Because I also couldn’t stand to see them disappointed or sad, I over-protected them because I didn’t want them to experience any sense of pain or loss. I never once let them fall on their faces. As a mother of high-achieving children, I always believed that if they succeeded at something, it proved that I was a good mother. But if they failed—I failed —and that was just too difficult for me to face.

My greatest mistake as a parent is in not allowing them to make mistakes and then take responsibility for the fact that they messed up. It’s especially hard on mothers to see their children struggle and not succeed at something because we’re genetically designed to nurture and protect and love our children unconditionally. I now see that I placed way too much emphasis on them being the best at everything, and I tried too hard to control their lives when I should have been more concerned about letting them explore and create and find out who they were inside. I should have let them learn to take more responsibility for their actions instead of bailing them out when they ran into problems.

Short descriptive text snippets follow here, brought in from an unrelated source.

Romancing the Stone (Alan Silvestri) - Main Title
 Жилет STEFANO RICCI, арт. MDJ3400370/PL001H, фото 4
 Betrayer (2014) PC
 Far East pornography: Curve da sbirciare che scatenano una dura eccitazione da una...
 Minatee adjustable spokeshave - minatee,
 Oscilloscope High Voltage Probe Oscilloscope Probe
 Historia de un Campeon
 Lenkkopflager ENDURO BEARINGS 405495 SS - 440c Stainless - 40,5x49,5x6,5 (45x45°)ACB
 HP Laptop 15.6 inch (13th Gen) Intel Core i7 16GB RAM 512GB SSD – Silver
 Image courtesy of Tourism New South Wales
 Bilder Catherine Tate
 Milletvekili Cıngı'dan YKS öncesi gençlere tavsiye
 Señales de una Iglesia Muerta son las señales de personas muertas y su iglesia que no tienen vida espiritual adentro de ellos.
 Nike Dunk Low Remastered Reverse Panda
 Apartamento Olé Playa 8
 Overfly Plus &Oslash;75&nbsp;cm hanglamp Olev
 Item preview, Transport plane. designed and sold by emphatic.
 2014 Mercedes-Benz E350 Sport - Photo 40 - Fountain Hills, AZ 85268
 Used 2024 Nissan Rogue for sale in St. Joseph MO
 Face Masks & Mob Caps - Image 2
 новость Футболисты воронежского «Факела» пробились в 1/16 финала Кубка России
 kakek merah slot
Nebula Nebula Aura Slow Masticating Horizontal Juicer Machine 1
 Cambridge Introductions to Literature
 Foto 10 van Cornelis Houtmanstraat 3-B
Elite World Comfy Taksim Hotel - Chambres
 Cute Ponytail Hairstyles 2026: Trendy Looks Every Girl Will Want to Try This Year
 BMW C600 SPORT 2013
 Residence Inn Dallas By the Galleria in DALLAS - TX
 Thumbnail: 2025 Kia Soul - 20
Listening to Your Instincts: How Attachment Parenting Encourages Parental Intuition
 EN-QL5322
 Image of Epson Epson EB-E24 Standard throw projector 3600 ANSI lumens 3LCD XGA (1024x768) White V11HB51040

I should have spent more time worrying about my own needs and desires and what it was that I was passionate about instead of solely focusing on helping my children “be the best” at everything.

I should have not cared so much about whether or not they got the lead role in the First Grade play.

Isa didn’t end up getting the role of “Anansi”—it went to her best friend, Sarah—whose goofy personality and energy made her perfect for the part. Isa was given two parts in the play—a lion and an elephant. She was spectacular as both animals—singing and dancing her heart out with gusto. The play was a great success.

Perhaps I’ll be strong enough fight off those competitive demons and allow Isa to experience a different type of childhood than that of my other three kids. I’m older and wiser now so I hope I can guide Isa to become an independent and self-sufficient young adult, and most importantly, to nurture within her the ability to learn and create and give from the heart for Isa, not just to please me.

As I sat in the audience that afternoon, observing Isa and her classmates sing and dance in their play, I was content. Watching twenty first graders romp around having fun just being themselves, I learned another lesson: Success isn’t just about proving that you’re the best at everything and it certainly isn’t about landing the lead role in the play.

Success is putting your heart and soul and joy into doing what you love and knowing it’s enough. We should all take a lesson from first graders.